──────── Input records

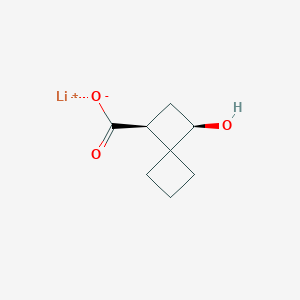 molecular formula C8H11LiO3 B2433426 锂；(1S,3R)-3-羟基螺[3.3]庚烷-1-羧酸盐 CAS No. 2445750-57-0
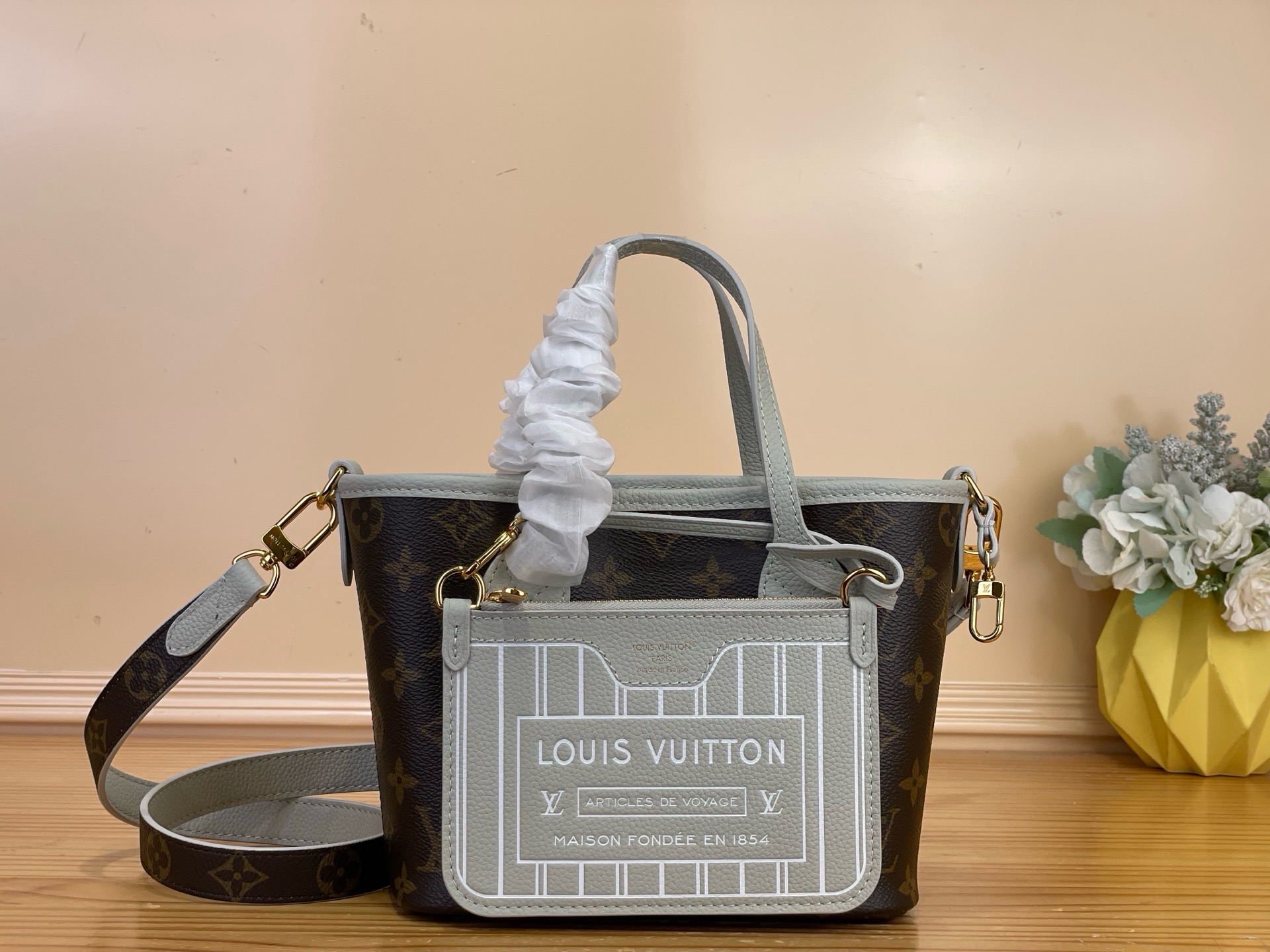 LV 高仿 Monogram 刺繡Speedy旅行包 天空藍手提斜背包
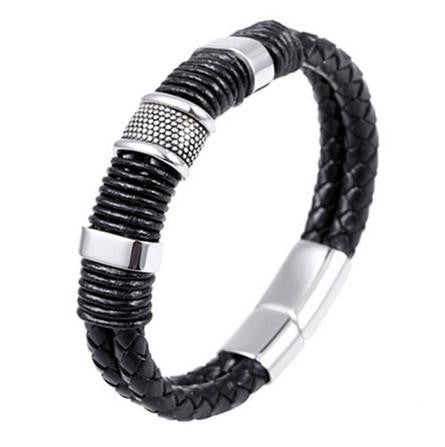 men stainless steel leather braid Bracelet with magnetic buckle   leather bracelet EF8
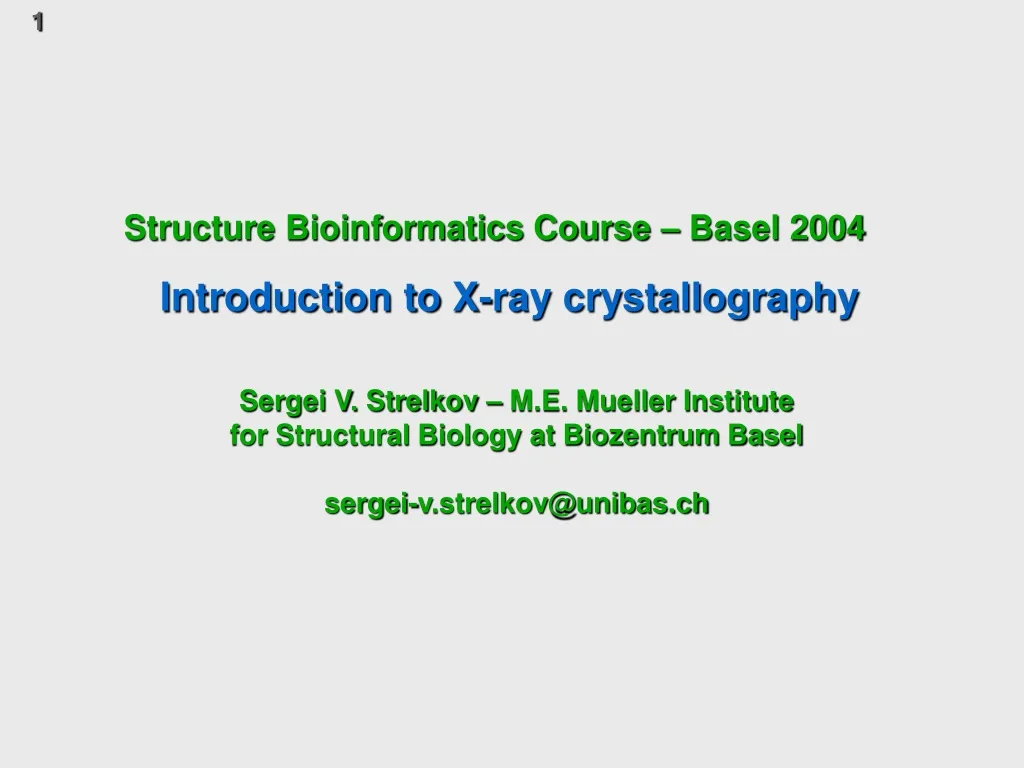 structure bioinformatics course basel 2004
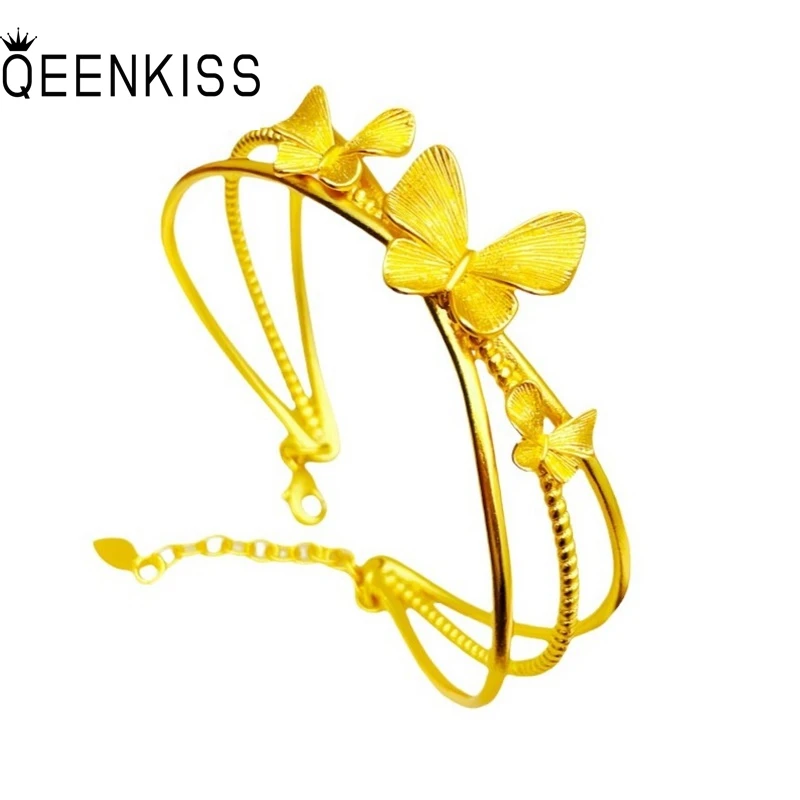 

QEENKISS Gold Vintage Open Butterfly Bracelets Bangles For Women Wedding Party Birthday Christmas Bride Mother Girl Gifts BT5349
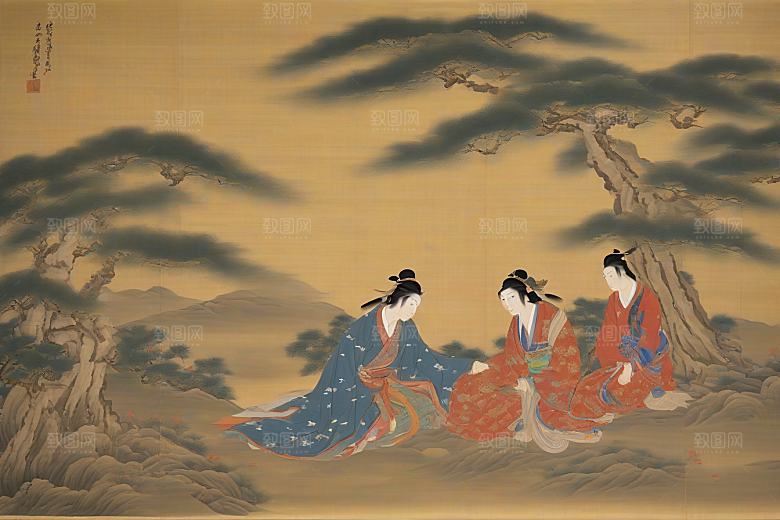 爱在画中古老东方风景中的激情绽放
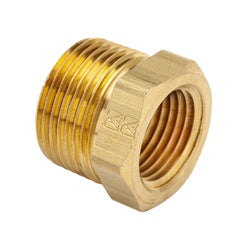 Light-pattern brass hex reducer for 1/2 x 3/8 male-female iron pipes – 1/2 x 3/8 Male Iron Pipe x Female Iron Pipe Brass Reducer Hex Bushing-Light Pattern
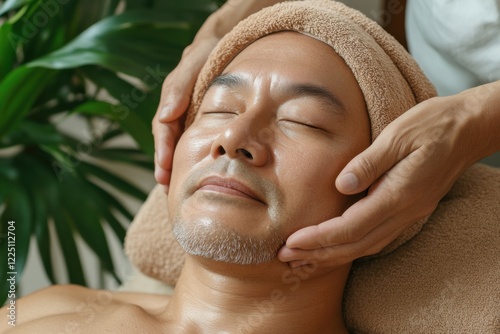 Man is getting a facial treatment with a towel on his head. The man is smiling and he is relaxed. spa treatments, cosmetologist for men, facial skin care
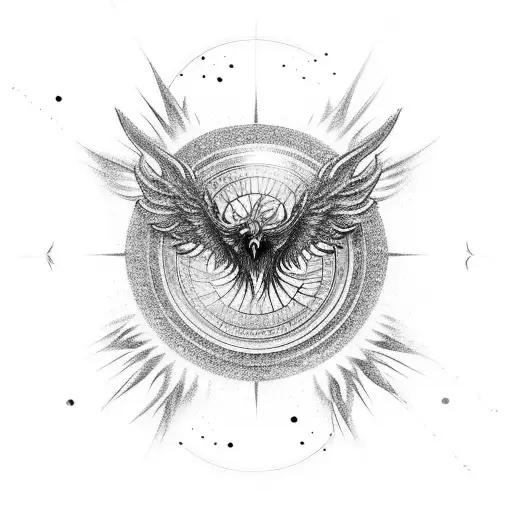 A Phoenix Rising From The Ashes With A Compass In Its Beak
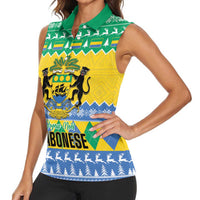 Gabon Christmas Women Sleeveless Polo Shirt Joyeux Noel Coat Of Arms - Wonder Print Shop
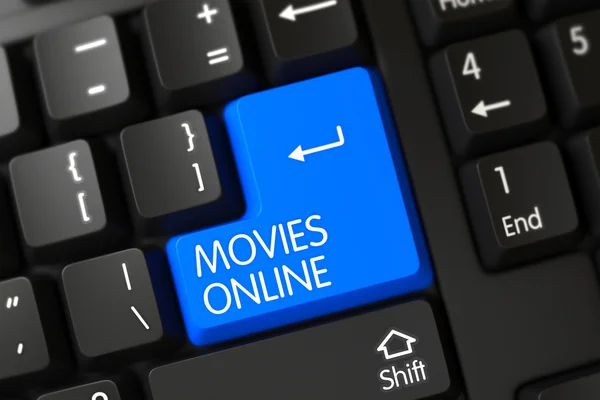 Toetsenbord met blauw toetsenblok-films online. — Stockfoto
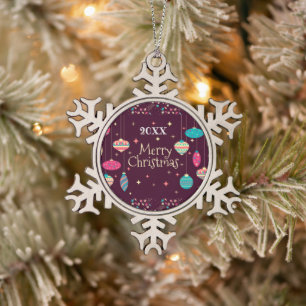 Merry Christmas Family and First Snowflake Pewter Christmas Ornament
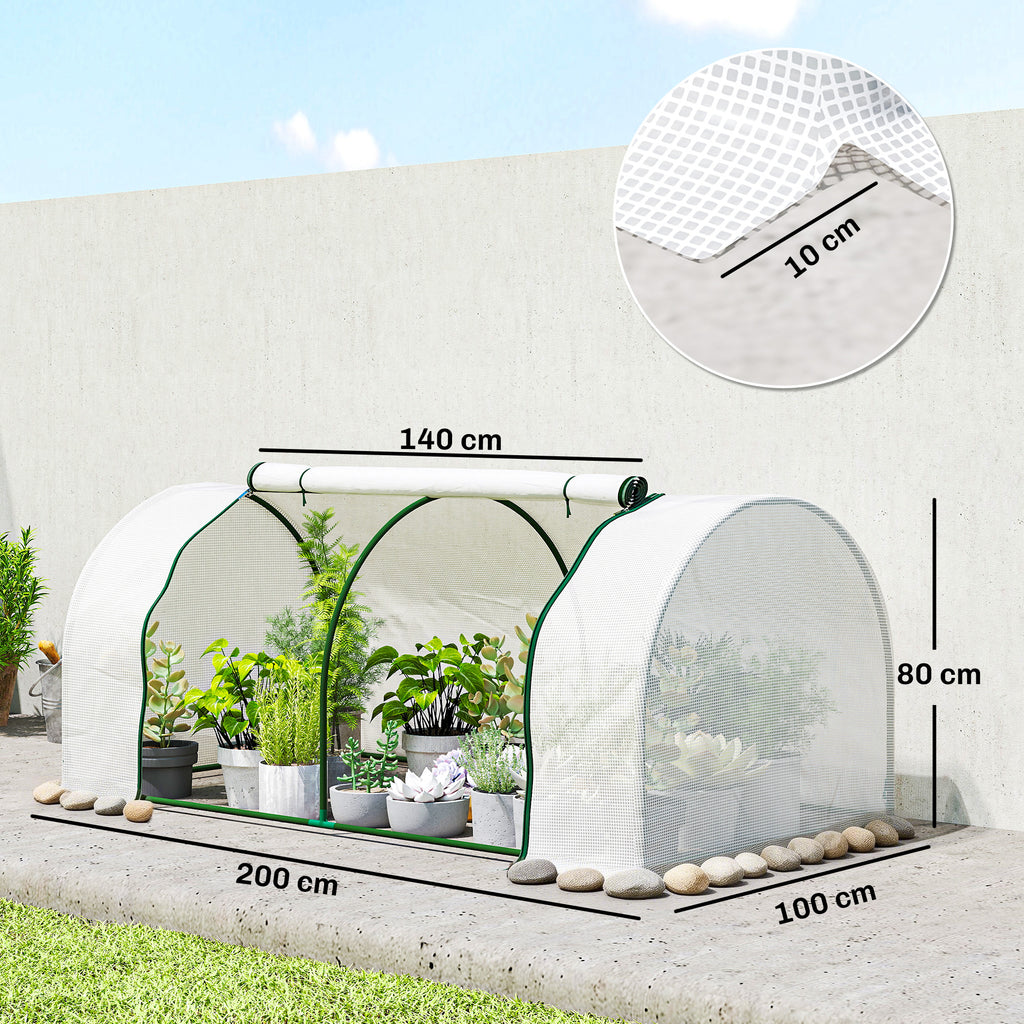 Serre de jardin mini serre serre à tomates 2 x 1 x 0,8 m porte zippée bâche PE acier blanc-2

────────────────

» What is being asked: Output nothing except the lines from the one containing "Merry Christmas Family" through the final line of the entries, repeated exactly and free of pictures.

» Solution to this exercise:
 Merry Christmas Family and First Snowflake Pewter Christmas Ornament
 Serre de jardin mini serre serre à tomates 2 x 1 x 0,8 m porte zippée bâche PE acier blanc-2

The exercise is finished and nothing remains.